Repeat the records below exactly.
[Records supplied — start]
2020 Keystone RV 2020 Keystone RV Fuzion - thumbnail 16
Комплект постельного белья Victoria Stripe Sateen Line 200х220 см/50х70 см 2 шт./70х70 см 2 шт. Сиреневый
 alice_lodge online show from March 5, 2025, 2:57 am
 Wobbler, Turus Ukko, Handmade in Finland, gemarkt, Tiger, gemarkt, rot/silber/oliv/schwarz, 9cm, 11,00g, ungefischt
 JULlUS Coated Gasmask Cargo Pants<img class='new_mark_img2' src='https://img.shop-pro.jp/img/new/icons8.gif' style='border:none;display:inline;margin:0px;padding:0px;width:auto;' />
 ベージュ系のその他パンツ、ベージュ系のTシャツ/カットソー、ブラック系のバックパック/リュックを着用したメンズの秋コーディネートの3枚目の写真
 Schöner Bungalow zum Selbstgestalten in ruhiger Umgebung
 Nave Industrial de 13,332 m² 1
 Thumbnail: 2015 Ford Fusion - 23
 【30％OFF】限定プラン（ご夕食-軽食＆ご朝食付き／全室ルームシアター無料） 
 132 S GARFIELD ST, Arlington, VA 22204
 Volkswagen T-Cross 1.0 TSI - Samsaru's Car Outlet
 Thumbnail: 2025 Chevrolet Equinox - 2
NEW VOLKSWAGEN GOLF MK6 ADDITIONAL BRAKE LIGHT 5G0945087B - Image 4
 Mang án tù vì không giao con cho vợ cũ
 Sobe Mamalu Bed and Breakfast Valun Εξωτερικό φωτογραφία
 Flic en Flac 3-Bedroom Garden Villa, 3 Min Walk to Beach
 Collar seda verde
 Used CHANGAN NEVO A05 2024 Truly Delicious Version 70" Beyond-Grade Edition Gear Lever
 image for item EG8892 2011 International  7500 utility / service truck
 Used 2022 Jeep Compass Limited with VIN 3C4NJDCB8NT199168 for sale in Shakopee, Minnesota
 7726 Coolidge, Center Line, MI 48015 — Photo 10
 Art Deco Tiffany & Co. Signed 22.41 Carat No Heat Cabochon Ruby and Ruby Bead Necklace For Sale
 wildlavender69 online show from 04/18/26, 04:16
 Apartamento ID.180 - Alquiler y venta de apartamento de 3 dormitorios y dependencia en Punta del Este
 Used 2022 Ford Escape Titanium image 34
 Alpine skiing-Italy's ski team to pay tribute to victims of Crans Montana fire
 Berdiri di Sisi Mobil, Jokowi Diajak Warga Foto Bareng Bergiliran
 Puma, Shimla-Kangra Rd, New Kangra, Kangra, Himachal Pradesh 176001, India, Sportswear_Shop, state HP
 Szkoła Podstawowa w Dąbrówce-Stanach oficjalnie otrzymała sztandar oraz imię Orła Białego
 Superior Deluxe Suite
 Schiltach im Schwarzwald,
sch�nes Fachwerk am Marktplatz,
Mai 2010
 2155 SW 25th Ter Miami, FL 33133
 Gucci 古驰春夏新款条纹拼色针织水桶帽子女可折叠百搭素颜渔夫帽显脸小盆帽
[Records supplied — finish]
• **Exercise response**:
2020 Keystone RV 2020 Keystone RV Fuzion - thumbnail 16
Комплект постельного белья Victoria Stripe Sateen Line 200х220 см/50х70 см 2 шт./70х70 см 2 шт. Сиреневый
 alice_lodge online show from March 5, 2025, 2:57 am
 Wobbler, Turus Ukko, Handmade in Finland, gemarkt, Tiger, gemarkt, rot/silber/oliv/schwarz, 9cm, 11,00g, ungefischt
 JULlUS Coated Gasmask Cargo Pants<img class='new_mark_img2' src='https://img.shop-pro.jp/img/new/icons8.gif' style='border:none;display:inline;margin:0px;padding:0px;width:auto;' />
 ベージュ系のその他パンツ、ベージュ系のTシャツ/カットソー、ブラック系のバックパック/リュックを着用したメンズの秋コーディネートの3枚目の写真
 Schöner Bungalow zum Selbstgestalten in ruhiger Umgebung
 Nave Industrial de 13,332 m² 1
 Thumbnail: 2015 Ford Fusion - 23
 【30％OFF】限定プラン（ご夕食-軽食＆ご朝食付き／全室ルームシアター無料） 
 132 S GARFIELD ST, Arlington, VA 22204
 Volkswagen T-Cross 1.0 TSI - Samsaru's Car Outlet
 Thumbnail: 2025 Chevrolet Equinox - 2
NEW VOLKSWAGEN GOLF MK6 ADDITIONAL BRAKE LIGHT 5G0945087B - Image 4
 Mang án tù vì không giao con cho vợ cũ
 Sobe Mamalu Bed and Breakfast Valun Εξωτερικό φωτογραφία
 Flic en Flac 3-Bedroom Garden Villa, 3 Min Walk to Beach
 Collar seda verde
 Used CHANGAN NEVO A05 2024 Truly Delicious Version 70" Beyond-Grade Edition Gear Lever
 image for item EG8892 2011 International  7500 utility / service truck
 Used 2022 Jeep Compass Limited with VIN 3C4NJDCB8NT199168 for sale in Shakopee, Minnesota
 7726 Coolidge, Center Line, MI 48015 — Photo 10
 Art Deco Tiffany & Co. Signed 22.41 Carat No Heat Cabochon Ruby and Ruby Bead Necklace For Sale
 wildlavender69 online show from 04/18/26, 04:16
 Apartamento ID.180 - Alquiler y venta de apartamento de 3 dormitorios y dependencia en Punta del Este
 Used 2022 Ford Escape Titanium image 34
 Alpine skiing-Italy's ski team to pay tribute to victims of Crans Montana fire
 Berdiri di Sisi Mobil, Jokowi Diajak Warga Foto Bareng Bergiliran
 Puma, Shimla-Kangra Rd, New Kangra, Kangra, Himachal Pradesh 176001, India, Sportswear_Shop, state HP
 Szkoła Podstawowa w Dąbrówce-Stanach oficjalnie otrzymała sztandar oraz imię Orła Białego
 Superior Deluxe Suite
 Schiltach im Schwarzwald,
sch�nes Fachwerk am Marktplatz,
Mai 2010
 2155 SW 25th Ter Miami, FL 33133
 Gucci 古驰春夏新款条纹拼色针织水桶帽子女可折叠百搭素颜渔夫帽显脸小盆帽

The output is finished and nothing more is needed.